Such persons could have been reasonably suspected of either felonious possession (Health Saf. Code, § 11530) or the misdemeanor offense of knowingly being in a place where narcotics are smoked or used (Health Saf. Code, § 11556).
Galloway testified that "because of the number of defendants in the house, I believed there was a possibility of more defendants," and the committing magistrate, in finding probable cause to commit defendant for felonious possession, accepted the testimony as true. (7) "It is axiomatic that in considering the propriety of a motion to set aside an information pursuant to section 995 of the Penal Code, the reviewing court may not substitute its judgment as to the weight of the evidence for that of the committing magistrate. And if there is some evidence in support of the information, the court will not inquire into the sufficiency thereof." ( Perry v. Superior Court, 57 Cal.2d 276, 283 [ 19 Cal.Rptr. 1, 368 P.2d 529].) (8) Moreover, "`The credibility of witnesses at the preliminary examination, of course, is a question of fact within the province of the committing magistrate to determine, and neither the superior court nor an appellate court may substitute its judgment as to such question for that of the magistrate.'" ( Jones v. Superior Court, 4 Cal.3d 660, 667 [ 94 Cal.Rptr. 289, 483 P.2d 1241].)
The magistrate stated that "The testimony of the officer who went upstairs to the other rooms was that he did so for the purpose of seeing if there were any other suspects in the place. I think that that was a proper purpose, and was not an unlawful search. . . ." By implication, the magistrate must have determined that Galloway's stated purpose for the search was the true and only purpose therefor. Thus, there is no basis for holding that the instant search for suspects was a mere pretext for a search for contraband and consequently improper under the principles set forth in Terry v. Ohio, supra, 392 U.S. 1, 17-19 [20 L.Ed.2d 889, 903-905], and People v. Superior Court ( Kiefer) 3 Cal.3d 807, 813-814 [ 91 Cal.Rptr. 729, 478 P.2d 449].
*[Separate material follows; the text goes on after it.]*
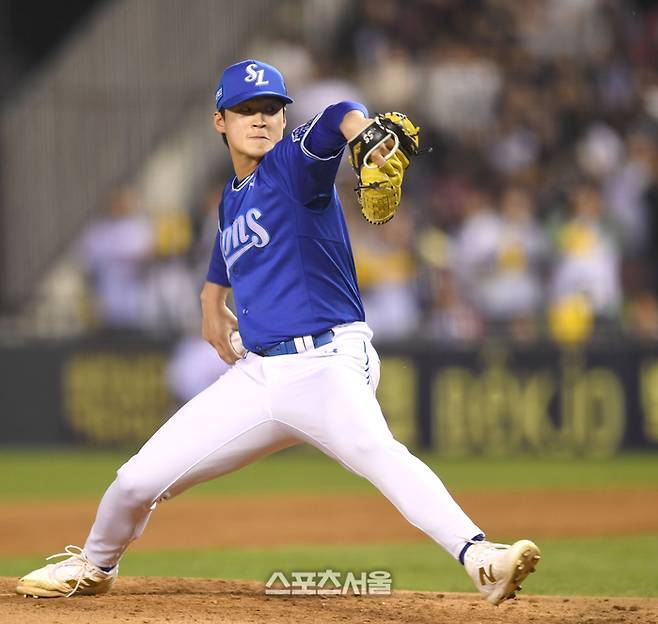 삼성 투수 이호성이 잠실구장에서 열린 2025 KBO리그 LG와 경기에서 역투하고 있다. 잠실 | 최승섭기자 thunder@sportsseoul.com
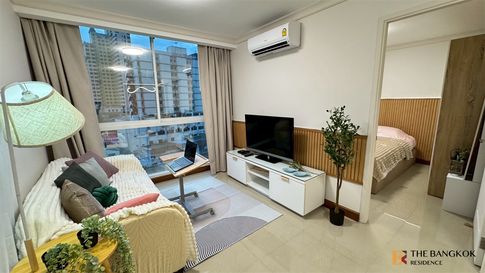 Chateau In Town Phaholyothin 11 Condo in CBD, Below Market Price near BTS Sena Ruam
(6b) Our analysis of this matter is supported by Guevara v. Superior Court, 7 Cal.App.3d 531 [ 86 Cal.Rptr. 657], which upheld the seizure of contraband found during a similar house search for suspects. In Guevara, the officers arrested defendant in his living room for selling heroin; one of the officers subsequently went into the kitchen and observed additional contraband. The court acknowledged that Chimel would invalidate a search for contraband under these circumstances, but upheld the search on the basis that the officer "had a right to enter the kitchen to look for possible confederates of defendant." (P. 535.) The officer's investigation was based upon "information as to other persons which it was their right, and their duty, to follow up," including an informant's statement that defendant was living with a woman, that other persons frequented the apartment, and that a buyer was expected momentarily. (P. 535.)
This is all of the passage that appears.